Records for the exercise Block Start
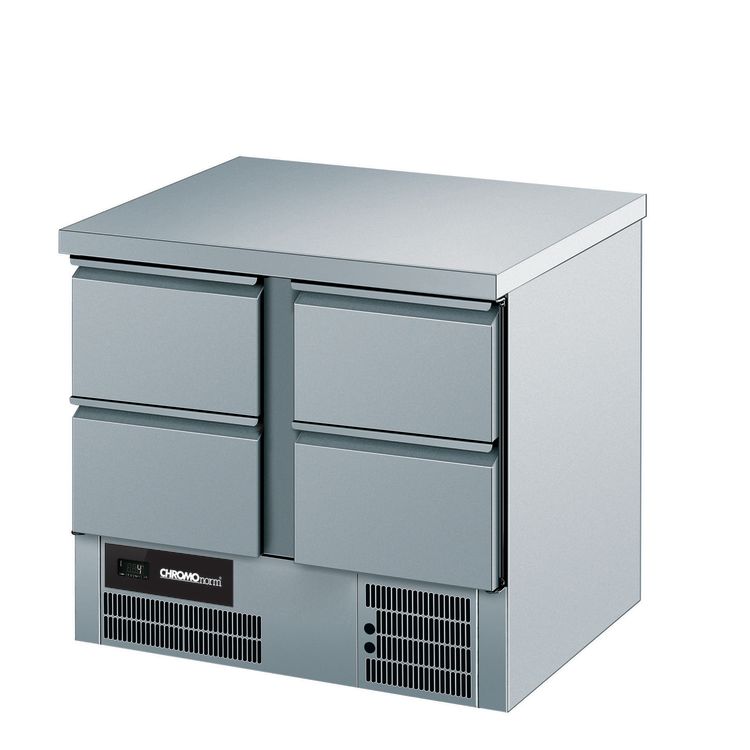 Kühltisch BR 795, GN 1/1, 4 Züge 1/2, mit Tischplatte Allseits Ab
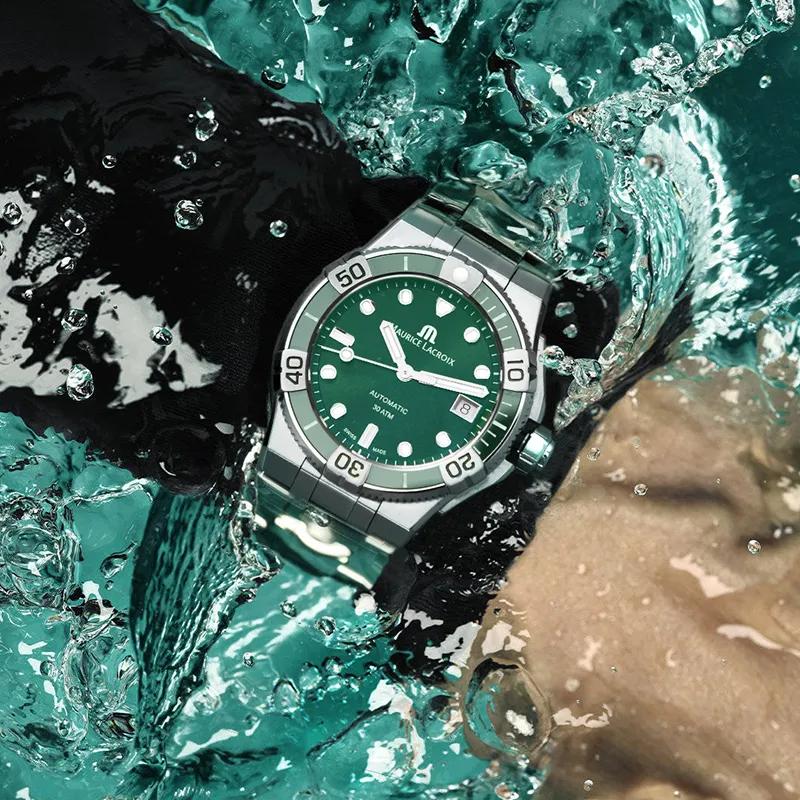 MAURICE LACROIX Automatic Mechanical Movement Men's Watches Watch 38 Green Dial Stainless Steel Case Rubber Strap-1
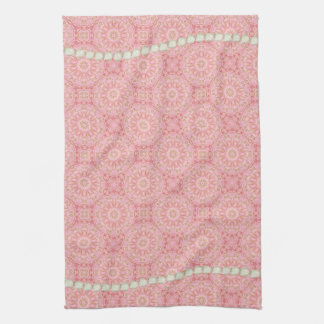 Rosa, oro, y toalla de té de la perla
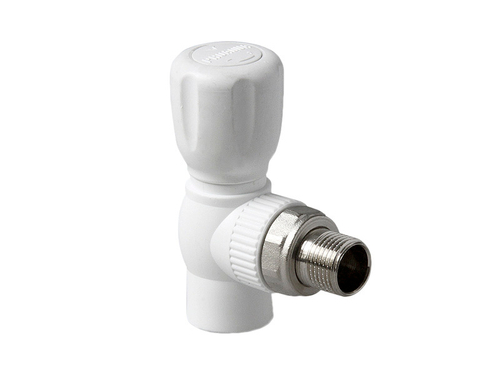 Кран PP-R, шаровый, для радиатора, угловой, 25ммх3/4", 1214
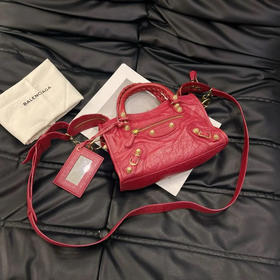 巴黎世家 city first 小号 羊皮 红色 机车包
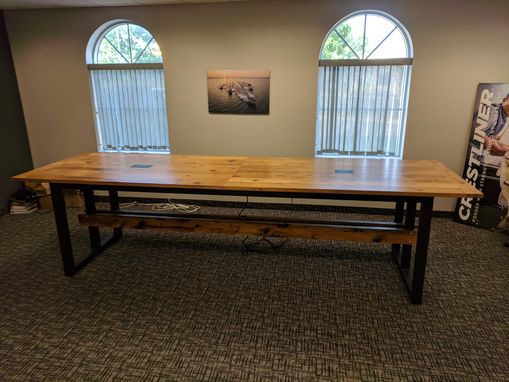 Custom Made Heavy Duty Conference Table, Reclaimed Wood And Steel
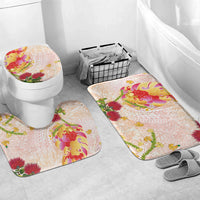 Japanese and Hawaiian Culture Fusion Bathroom Set Irezumi with Turtles and Lei Kakau Pattern Sunset Vibe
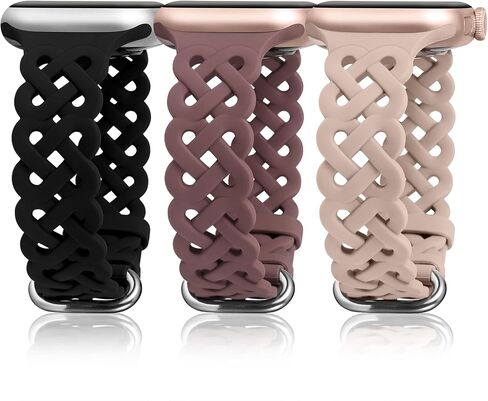 TOYOUTHS Celtic Knot Silicone Bands Compatible with Apple Watch Band 42/41/40/38/44/45/46/49mm Women, 3 Pack Sport Cute Slim Braided Hollow-out Strap for iWatch Series 10/9/8/7/6/5/4/3/SE/Ultra 2 in Saudi Arabia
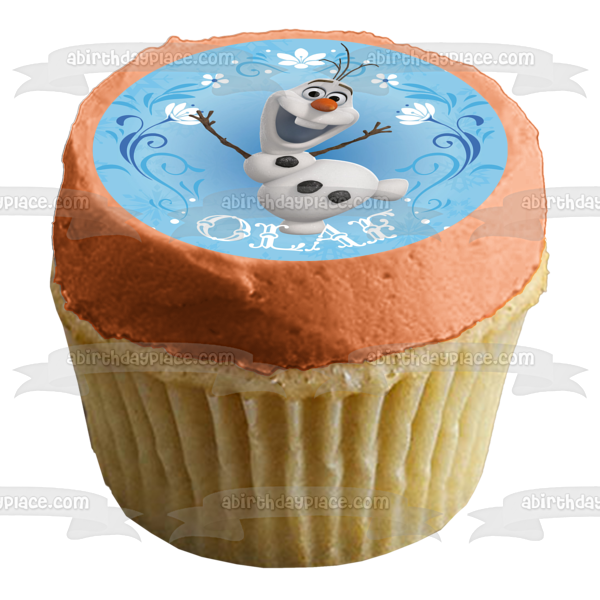 Frozen Olaf and Flowers Edible Cake Topper Image ABPID05533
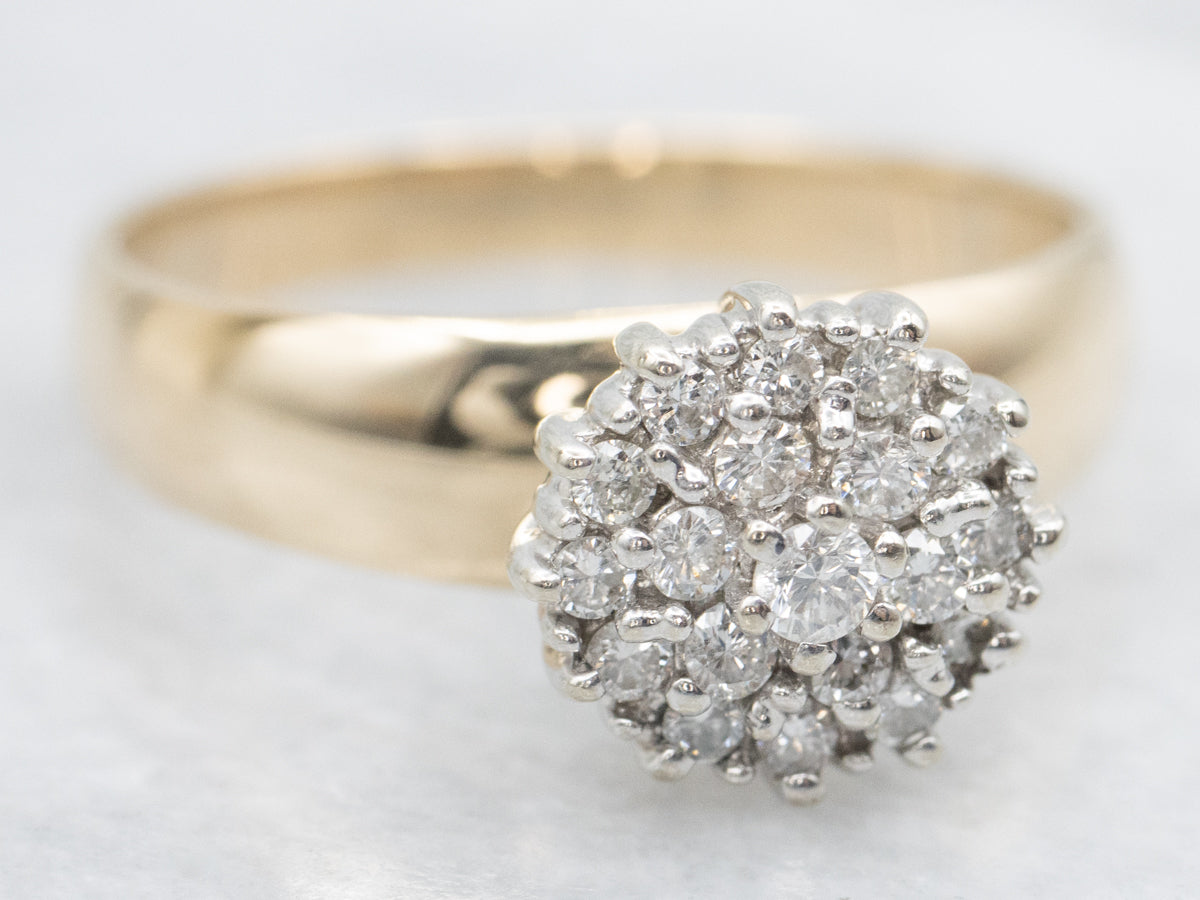 Two Tone Diamond Cluster Engagement Ring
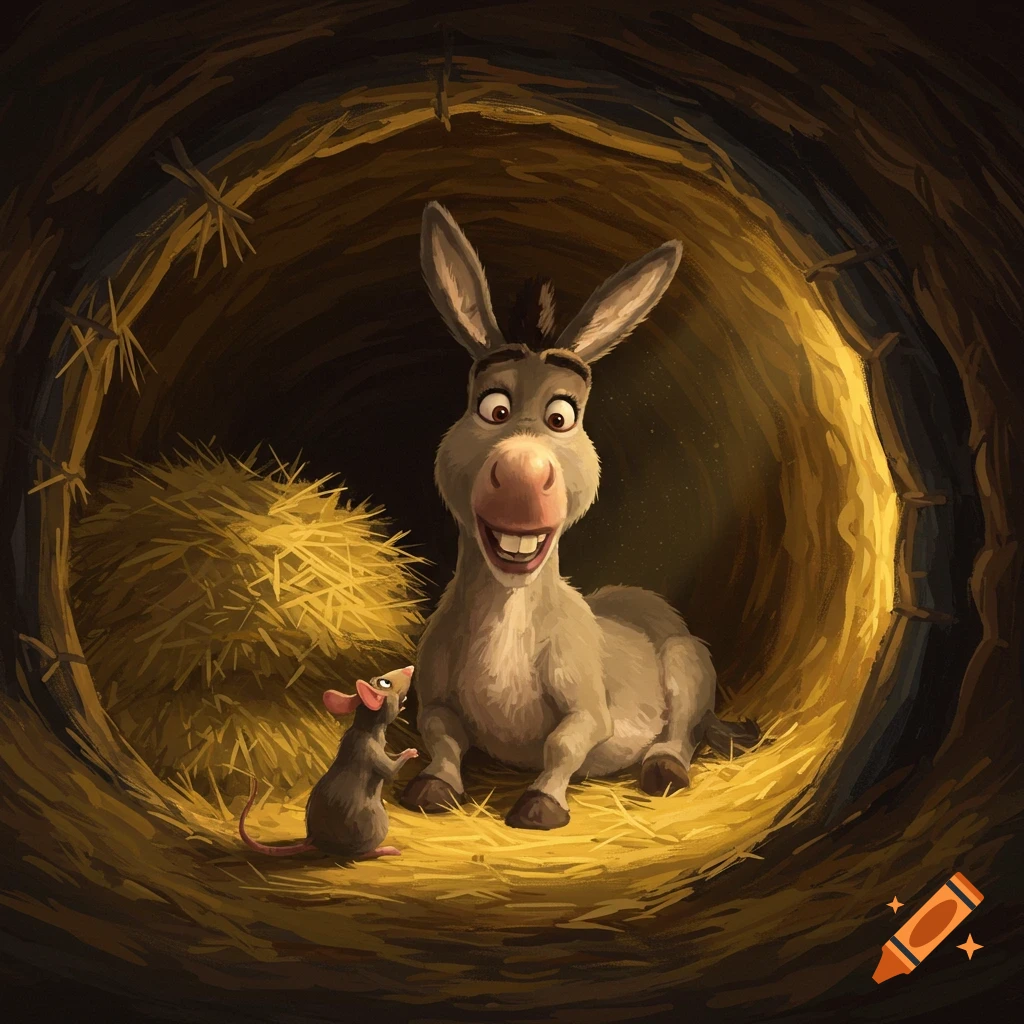 A cartoon donkey smiles at a mouse in a burrow filled with straw. on ...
Records for the exercise Block End
* Problem description
For this exercise, return the records above in full and exactly, omitting the images.

* Result of this exercise
 Kühltisch BR 795, GN 1/1, 4 Züge 1/2, mit Tischplatte Allseits Ab
 MAURICE LACROIX Automatic Mechanical Movement Men's Watches Watch 38 Green Dial Stainless Steel Case Rubber Strap-1
 Rosa, oro, y toalla de té de la perla
 Кран PP-R, шаровый, для радиатора, угловой, 25ммх3/4", 1214
 巴黎世家 city first 小号 羊皮 红色 机车包
 Custom Made Heavy Duty Conference Table, Reclaimed Wood And Steel
 Japanese and Hawaiian Culture Fusion Bathroom Set Irezumi with Turtles and Lei Kakau Pattern Sunset Vibe
 TOYOUTHS Celtic Knot Silicone Bands Compatible with Apple Watch Band 42/41/40/38/44/45/46/49mm Women, 3 Pack Sport Cute Slim Braided Hollow-out Strap for iWatch Series 10/9/8/7/6/5/4/3/SE/Ultra 2 in Saudi Arabia
 Frozen Olaf and Flowers Edible Cake Topper Image ABPID05533
 Two Tone Diamond Cluster Engagement Ring
 A cartoon donkey smiles at a mouse in a burrow filled with straw. on ...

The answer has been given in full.